Please repeat the records below exactly, skipping any pictures.
▬▬▬▬▬▬
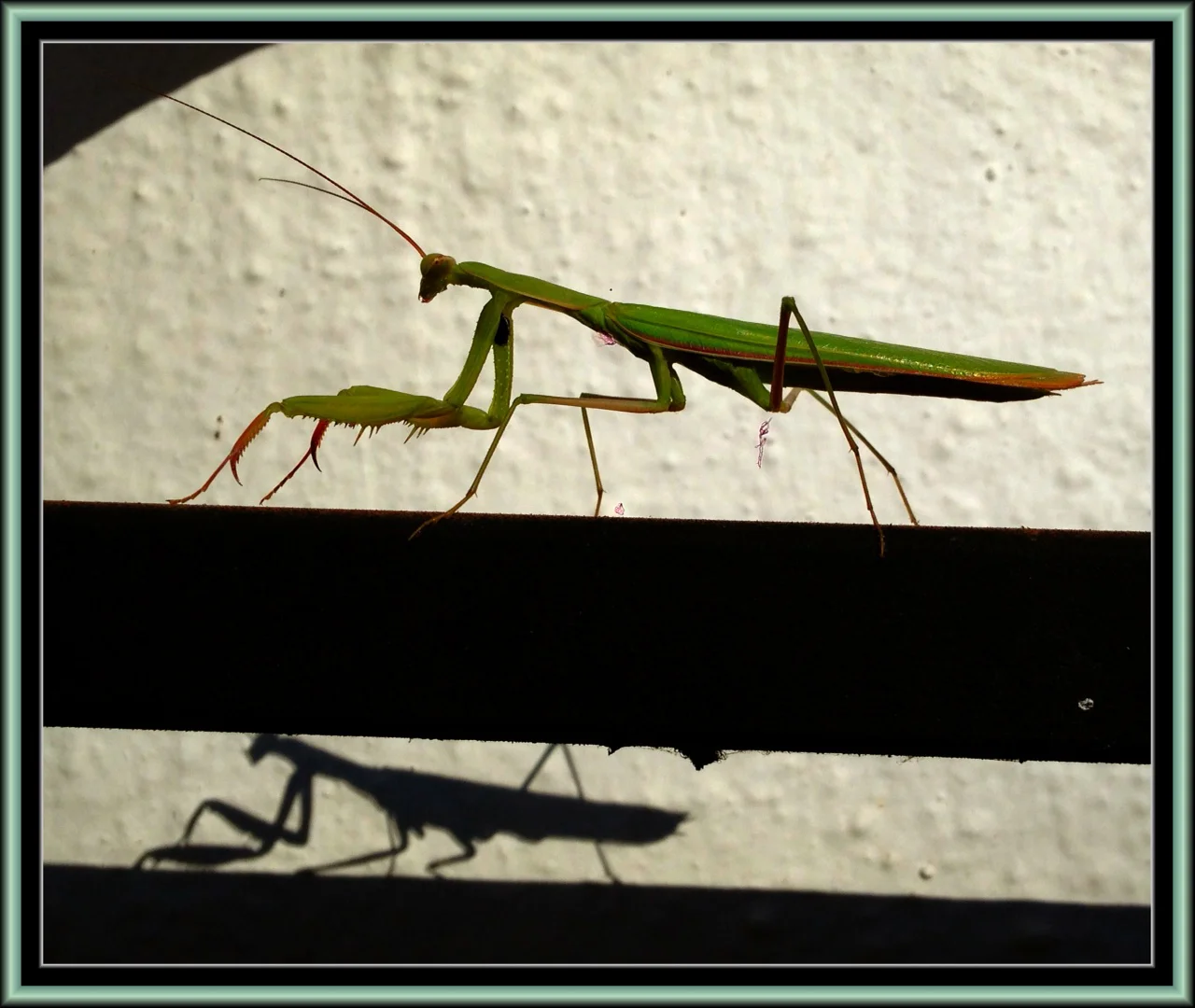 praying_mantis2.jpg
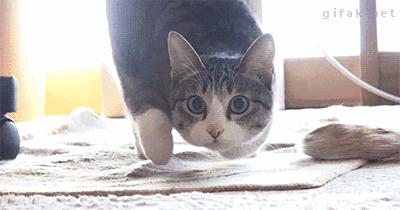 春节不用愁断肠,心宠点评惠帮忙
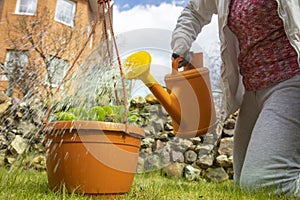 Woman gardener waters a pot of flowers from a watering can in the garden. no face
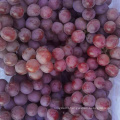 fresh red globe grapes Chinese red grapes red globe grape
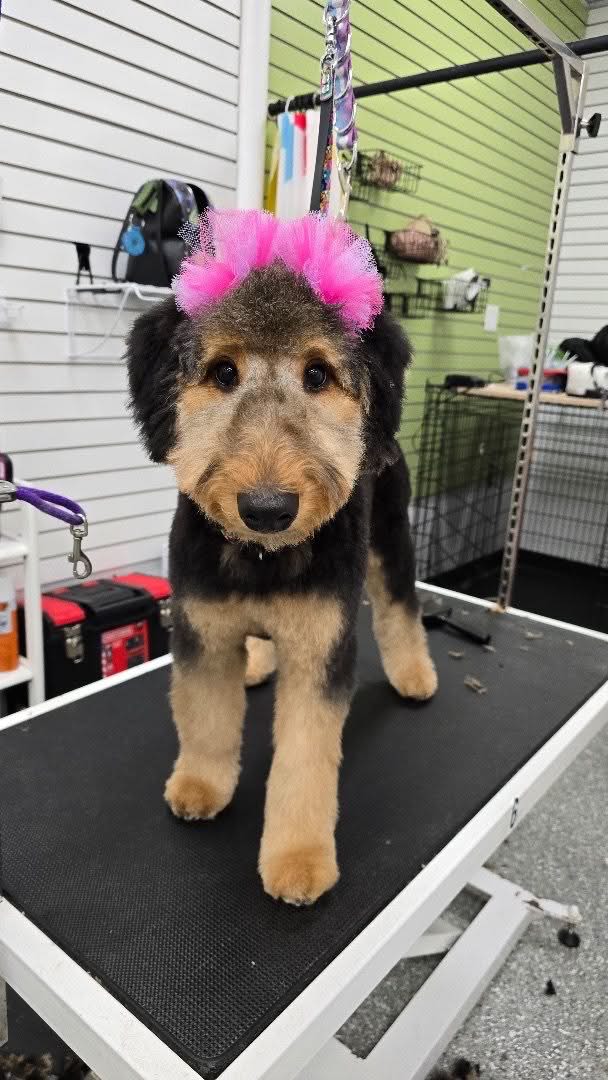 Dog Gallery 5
▬▬▬▬▬▬
▸ **YOUR SOLUTION**:
 praying_mantis2.jpg
 春节不用愁断肠,心宠点评惠帮忙
 Woman gardener waters a pot of flowers from a watering can in the garden. no face
 fresh red globe grapes Chinese red grapes red globe grape
 Dog Gallery 5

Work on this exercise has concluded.